▼

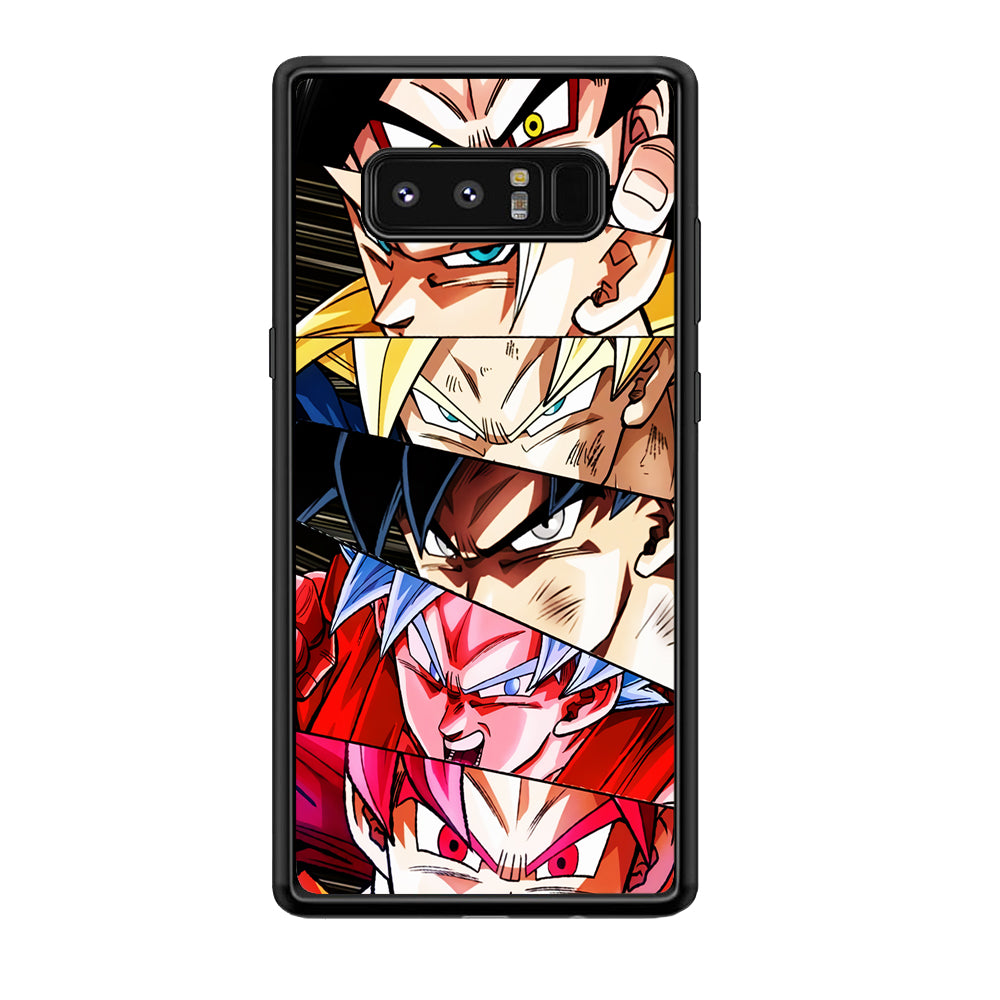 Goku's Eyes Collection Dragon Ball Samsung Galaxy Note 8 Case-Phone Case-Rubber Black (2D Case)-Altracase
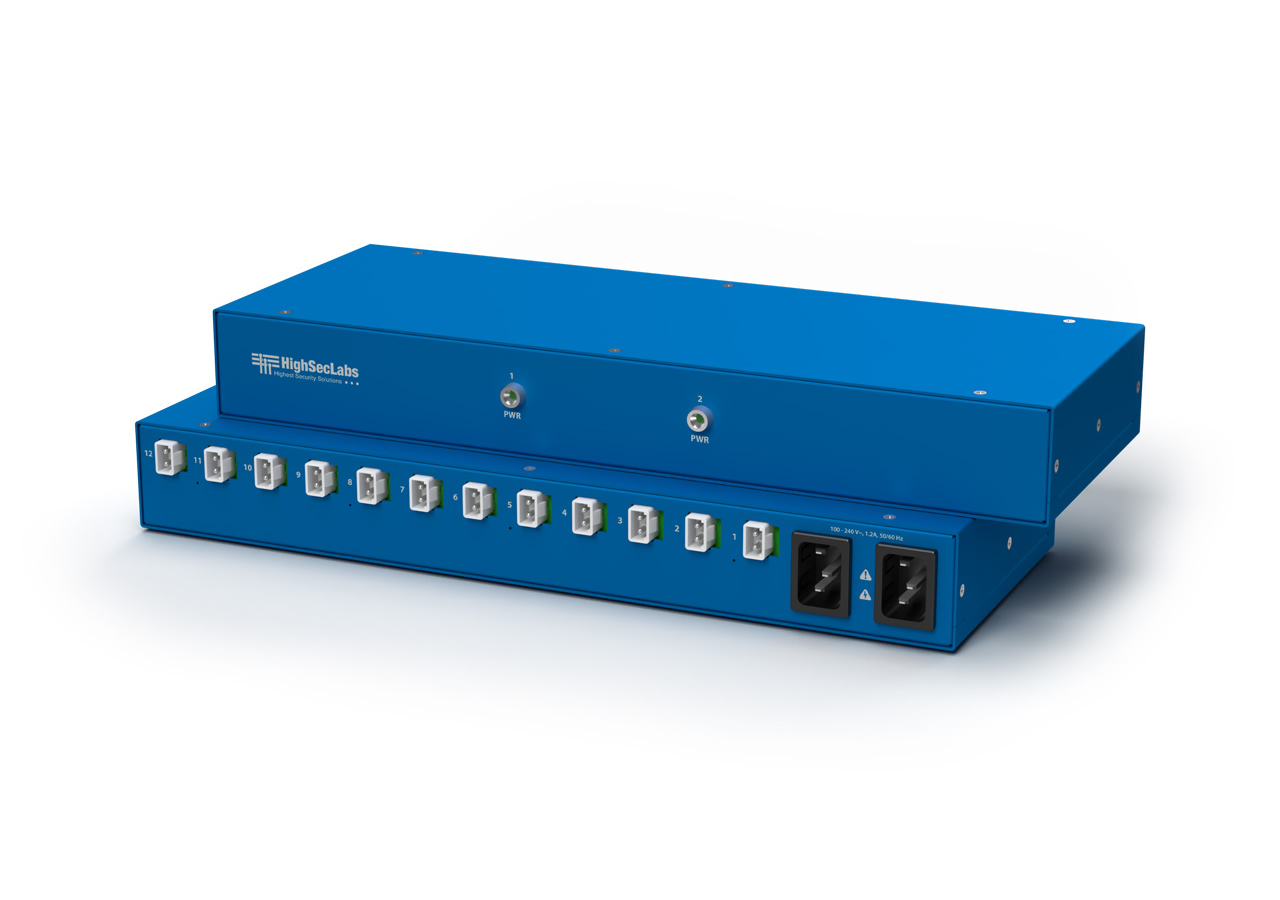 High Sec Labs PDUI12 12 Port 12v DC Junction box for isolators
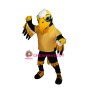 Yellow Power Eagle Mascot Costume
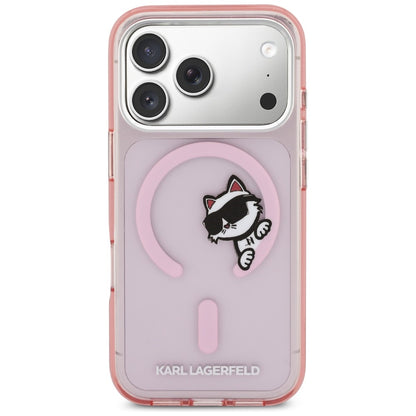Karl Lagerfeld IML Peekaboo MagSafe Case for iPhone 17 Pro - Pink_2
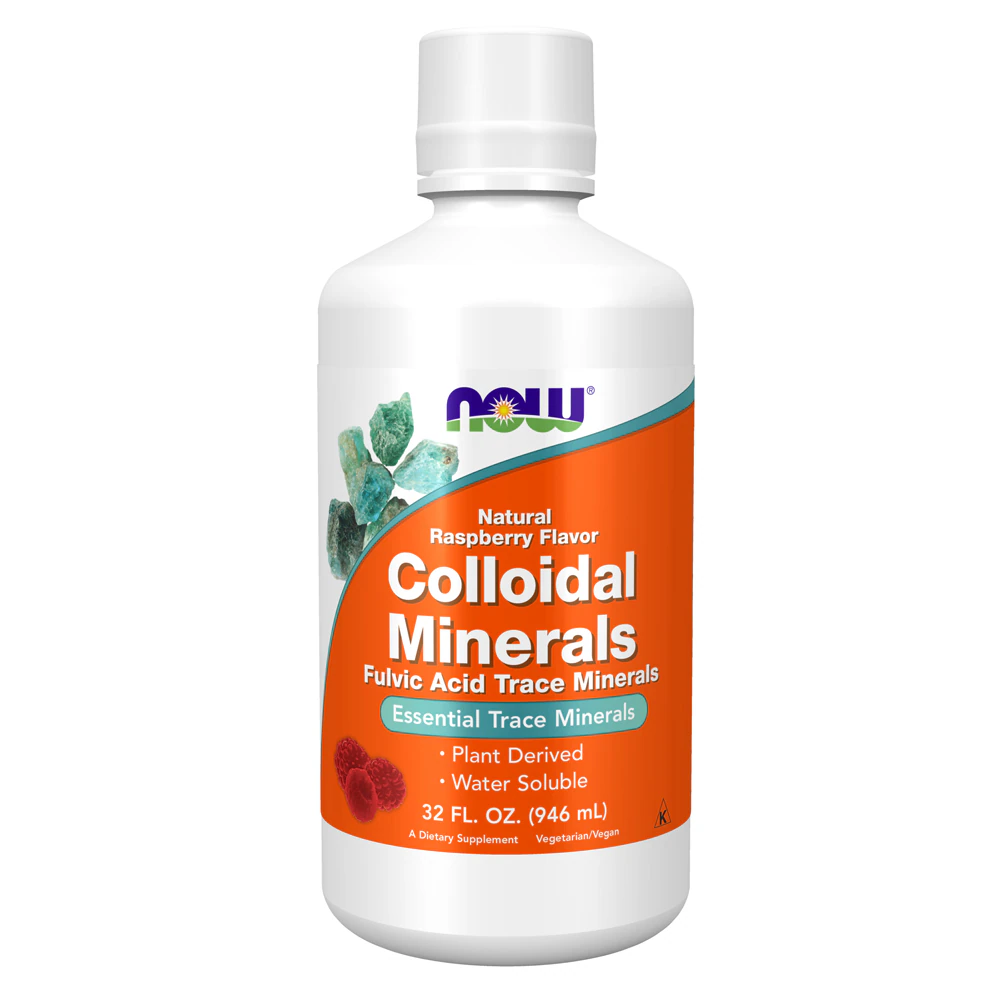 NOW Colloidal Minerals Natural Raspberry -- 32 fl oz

▲

EXERCISE BRIEF: Pictures don't belong in the copy. Retype exactly the lines from the one with "Yellow Power Eagle Mascot Costume" through the last line of the records.

YOUR RESPONSE:
 Yellow Power Eagle Mascot Costume
Karl Lagerfeld IML Peekaboo MagSafe Case for iPhone 17 Pro - Pink_2
 NOW Colloidal Minerals Natural Raspberry -- 32 fl oz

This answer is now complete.